DATA PROVIDED:

****************

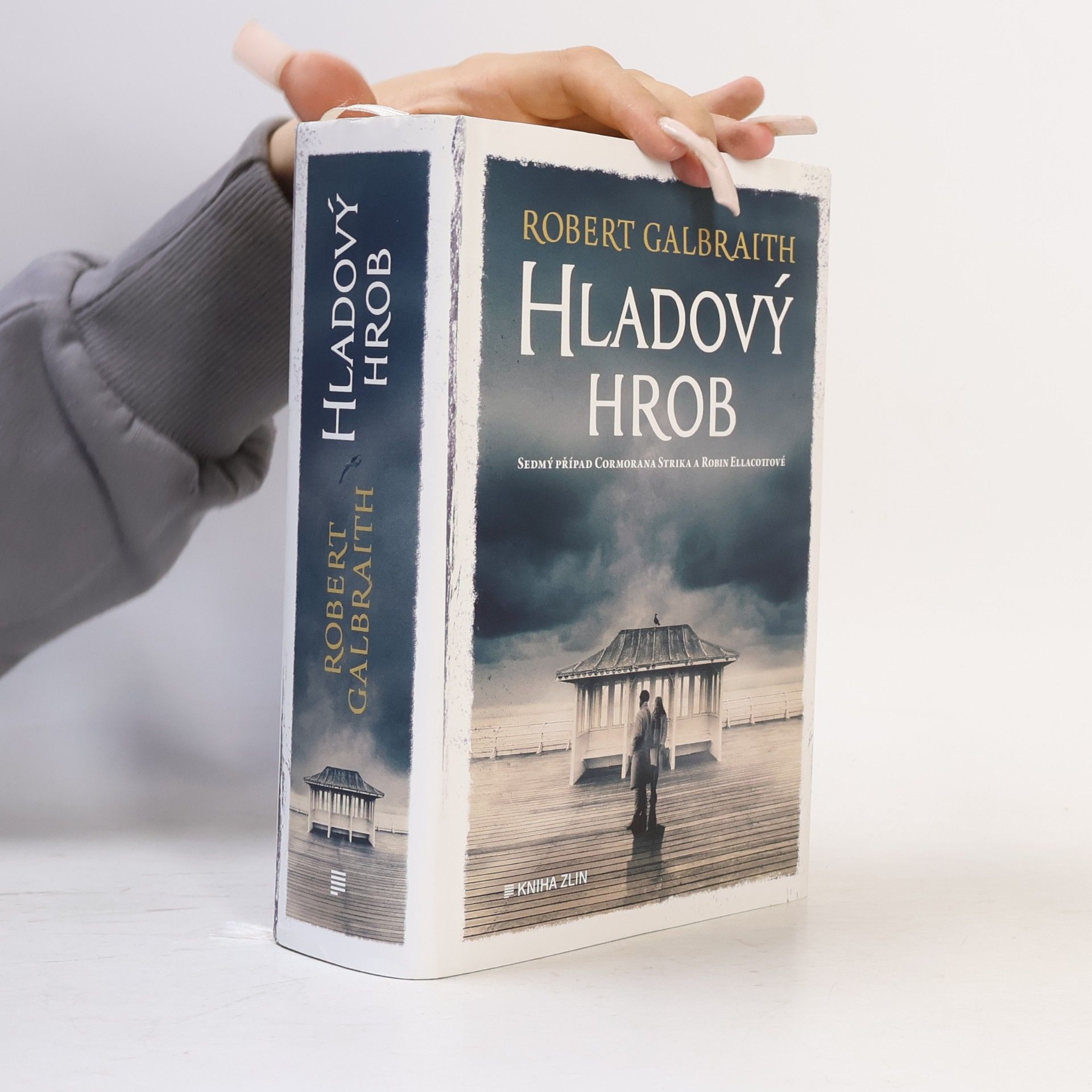 J. K. Rowling Hladový hrob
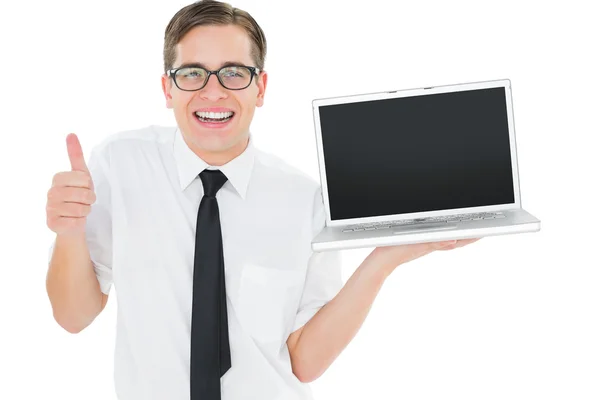 Geeky Geschäftsmann hält seinen Laptop und zeigt Daumen nach oben — Stockfoto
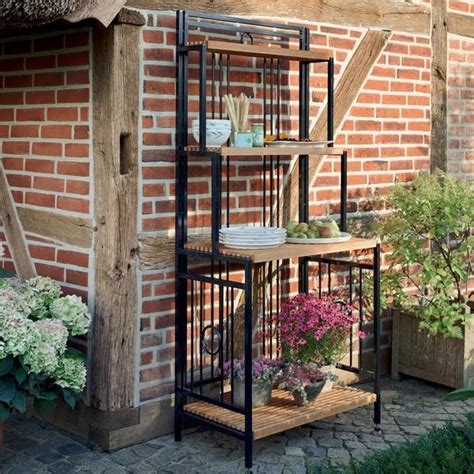 When you want outdoor garden sheds that are in a class of their own, the premier garden collection is something to consider. Garden storage ideas - how to keep the outdoor space ...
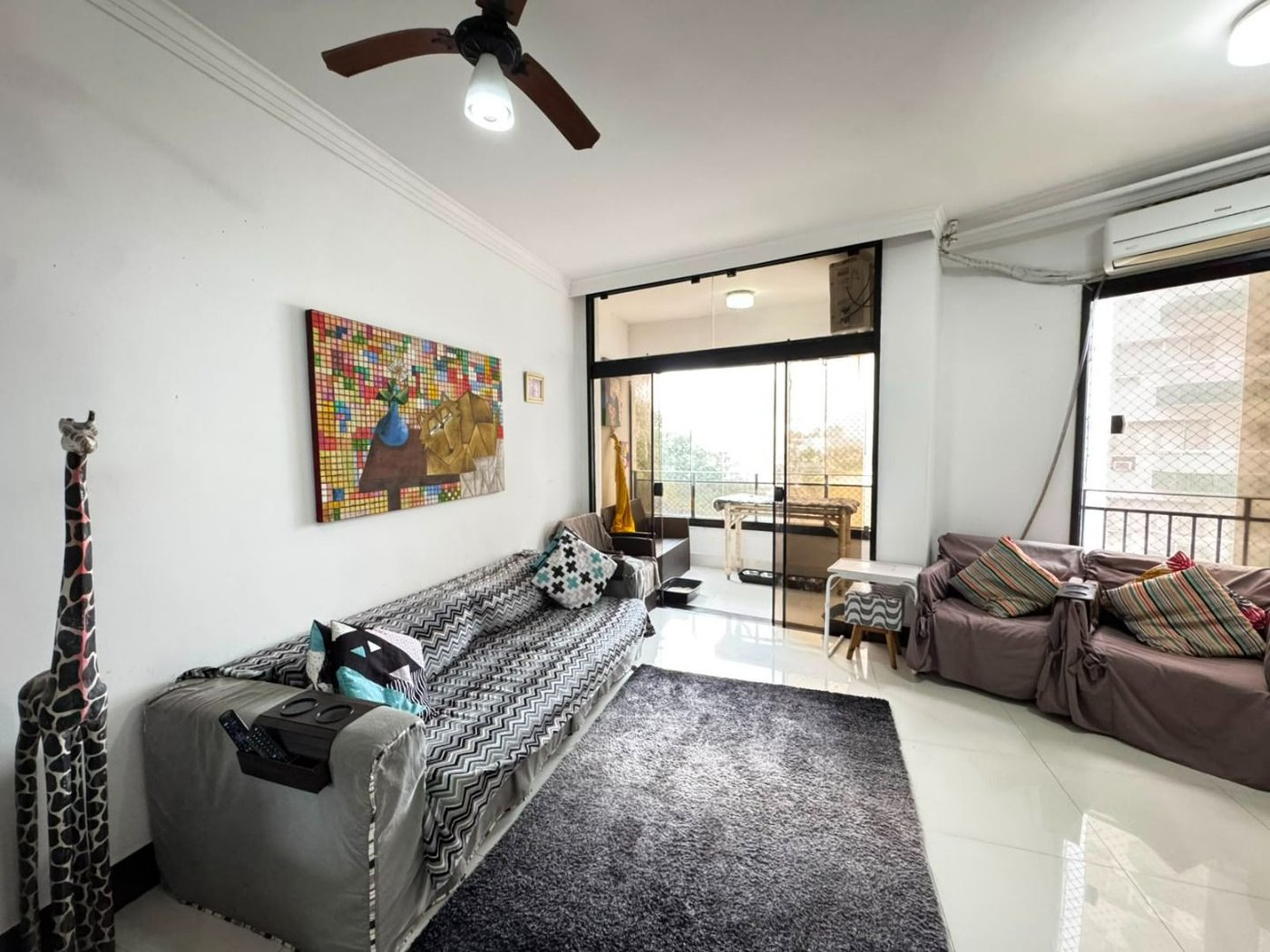 Apartamento à venda, 108 m² por R$ 700.000,00 - Pitangueiras - Guarujá/SP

****************

ACTION ITEM:
Everything in the listing above must be retyped exactly, except for the pictures.

WRITTEN RESPONSE:
 J. K. Rowling Hladový hrob
 Geeky Geschäftsmann hält seinen Laptop und zeigt Daumen nach oben — Stockfoto
 When you want outdoor garden sheds that are in a class of their own, the premier garden collection is something to consider. Garden storage ideas - how to keep the outdoor space ...
 Apartamento à venda, 108 m² por R$ 700.000,00 - Pitangueiras - Guarujá/SP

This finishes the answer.